1. Aux termes de l'article R. 222-1 du code de justice administrative : " () les présidents de formation de jugement ( ) des cours () peuvent, par ordonnance : 1° Donner acte des désistements ;() 5° Statuer sur les requêtes qui ne présentent plus à juger de questions autres que la condamnation prévue à l'article L. 761-1 ou la charge des dépens ;()".

2. Par des courriers enregistrés les 7 juillet et 6 septembre 2022, M. et Mme B ont déclaré se désister de leur requête. Ce désistement étant pur et simple et rien ne s'y opposant, il y a lieu de leur en donner acte.

3. Les conclusions de la commune de Jumilhac-le-Grand ayant le caractère d'un appel provoqué, elles sont irrecevables en raison du désistement de l'appel principal formé par M. et Mme B. Par suite, il y a lieu de les rejeter.

ORDONNE :

Article 1er : Il est donné acte du désistement de la requête de M. et Mme B.

Article 2 : Les conclusions de l'appel provoqué formé par la commune de Jumilhac-le-Grand sont rejetées.

Article 3 : La présente ordonnance sera notifiée à Mme C B, à M. A B, à la commune de Jumilhac-le-Grand, au groupement foncier agricole des Liviers et au groupement agricole d'exploitation en commun des Liviers.
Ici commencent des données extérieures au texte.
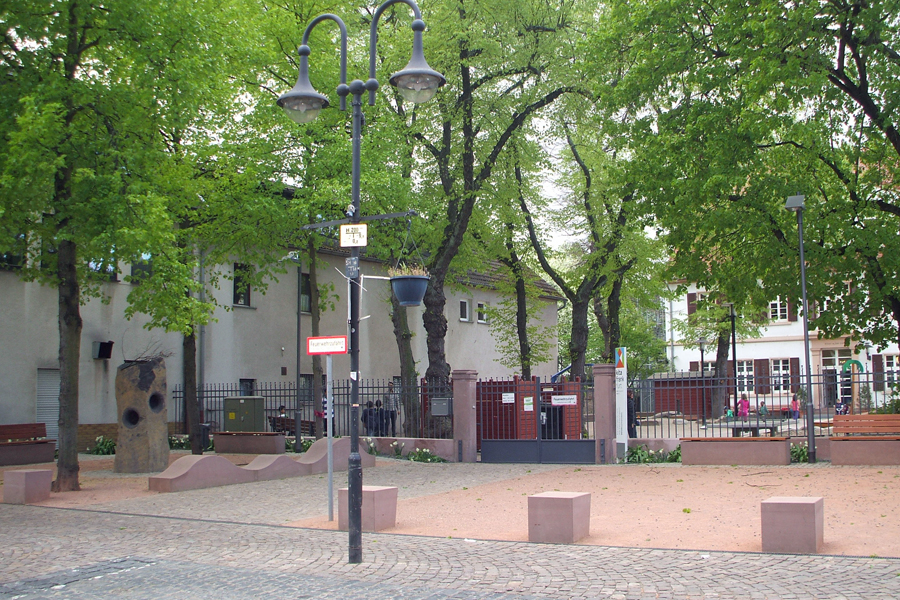 Plaza in front of Childcare Center 27, © Stadtplanungsamt Stadt Frankfurt am Main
Fait à Bordeaux, le 28 septembre 2022.

La présidente

Marianne Hardy

La République mande et ordonne au préfet de la Dordogne en ce qui le concerne, ou à tous commissaires de justice à ce requis en ce qui concerne les voies de droit commun contre les parties privées, de pourvoir à l'exécution de la présente ordonnance.